Big data analysis has been used to improve the healthcare industry in several ways, such as developing personalized medicines, working to fight cancer and making pharmaceutical trials more efficient. Another exciting area that big data is ameliorating is the ability to forecast admission rates. With the help of machine learning, big data is able to predict the number of admissions a healthcare facility will have at any given time. This predicted number will allow for these facilities to better prepare for their anticipated number of patients by having enough staff ready to work, surgeries scheduled at the most opportune times, and the right type and amount of supplies stocked.
This new application of big data analysis and machine learning to predict admission rates is based on both internal and external data. In addition to a wide variety of resources, one form of internal data that this technology studies includes ten years of past admission records. With these records and other data, machine learning programs try to detect possible patterns and trends. This combined analysis of resources that allows for predicted admission rates is built on the open source Trusted Analytics Platform (TAP). TAP was specifically chosen for this technology because of its capacity to handle and interpret large amounts of data. While this application of big data analysis to predict patient numbers is currently in an experimental stage, here are three ways healthcare facilities can best take advantage of this technology.
Better Staffing Hospitals
With the help of this patient admission prediction technology, healthcare facilities can now base their staff’s work schedules on these predicted numbers. Ensuring that healthcare facility staff are prepared for high numbers of admissions will help to both lower the amount of time patients spend waiting for treatment and increase the efficiency of the facility. These predicted numbers can also help facilities schedule less staff when trends show lower admission numbers. This will allow for less staff to be scheduled with nothing to do and give them more time to catch up on their certifications, such as ACLS renewal or receiving medical transcriptionist training.

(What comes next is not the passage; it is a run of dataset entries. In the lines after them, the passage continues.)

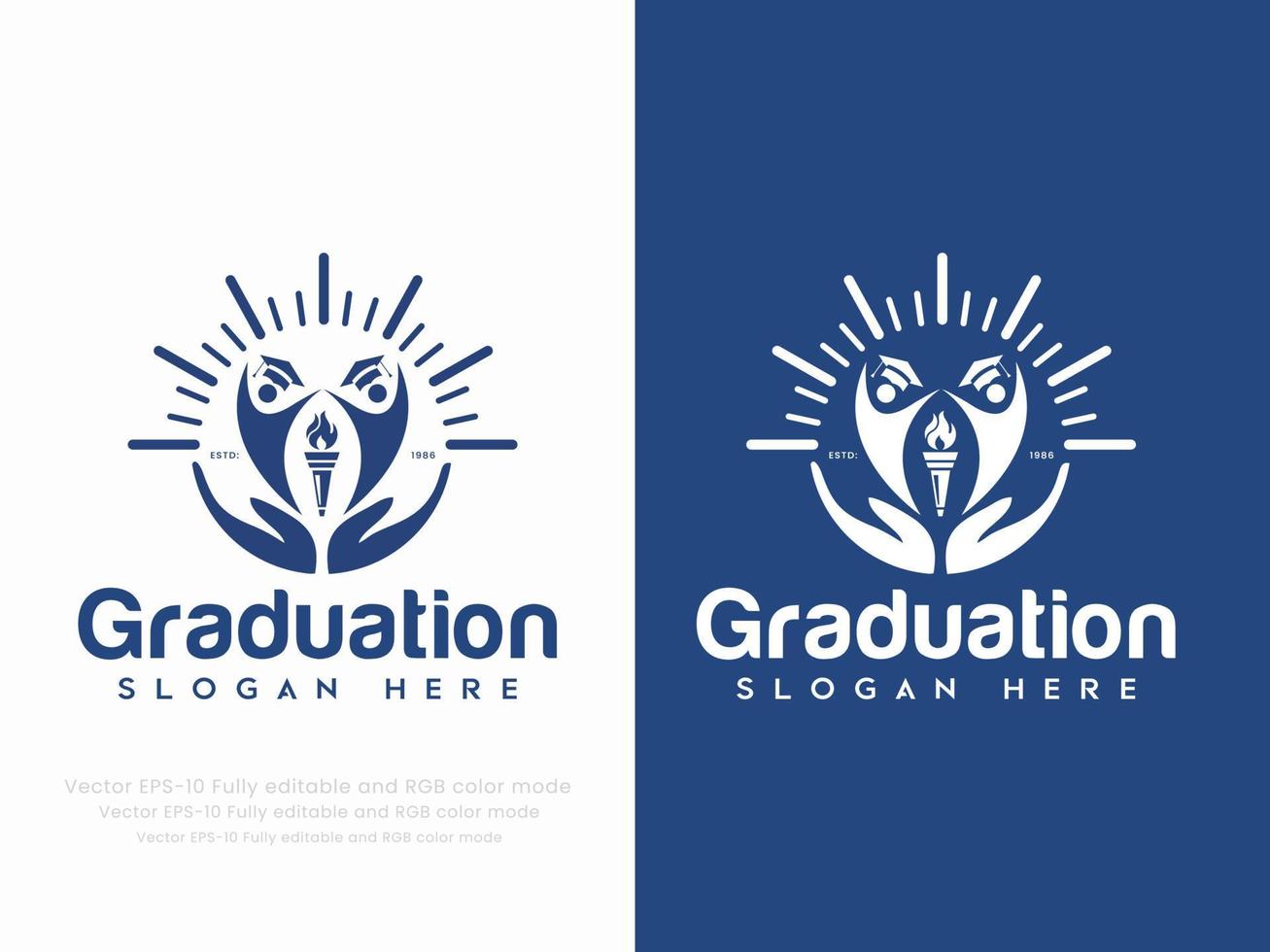 Graduation or education logo vector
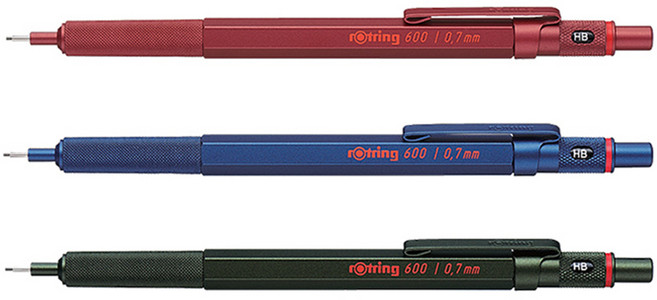 로트링 600 컬러샤프 0.7mm 고급필기구 제도용, 색상:기본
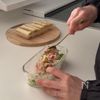 厚揚げカニマヨの工程2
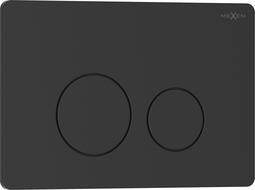 Mexen Tex 06 przycisk spłukujący stal nierdzewna, czarny matowy - 6106-02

Scheduling Surgeries at Ideal Times
Healthcare facilities can also use patient admission prediction technology as they schedule patient surgeries. By understanding what days and times are expected to bring in more admissions, healthcare facilities can schedule surgeries around these trends. Healthcare facilities can use the data presented to schedule surgeries on days when low admissions are expected. Understanding and using these predicted numbers can help these facilities ensure they have enough staff to aid with both the surgeries scheduled for that day and any patient admissions.
Stocking the Right Type and Amount of Supplies
From medicine to rags to needles and surgery kits, healthcare facilities use and store a lot of supplies. However, balancing inventory numbers can be challenging. It’s important that healthcare facilities have enough supplies on hand, but also have the right amount and the space to store it. By using patient admission prediction technology to understand upcoming admission trends, healthcare facilities can purchase the right supplies at an appropriate amount. This will help ensure that these facilities have the proper supplies on hand without purchasing too much.
Although patient admission prediction technology is currently in experimental stages, it shows promising ways that it can increase the efficiency of healthcare facilities and improve the overall experience that admitted patients endure. Healthcare facilities will be able to take full advantage of this platform by using it when they create staff work schedules, schedule patient surgeries, and order supplies for their facility. By understanding the trends that this technology predicts, healthcare facilities and professionals can be better prepared to handle any number of patient admissions.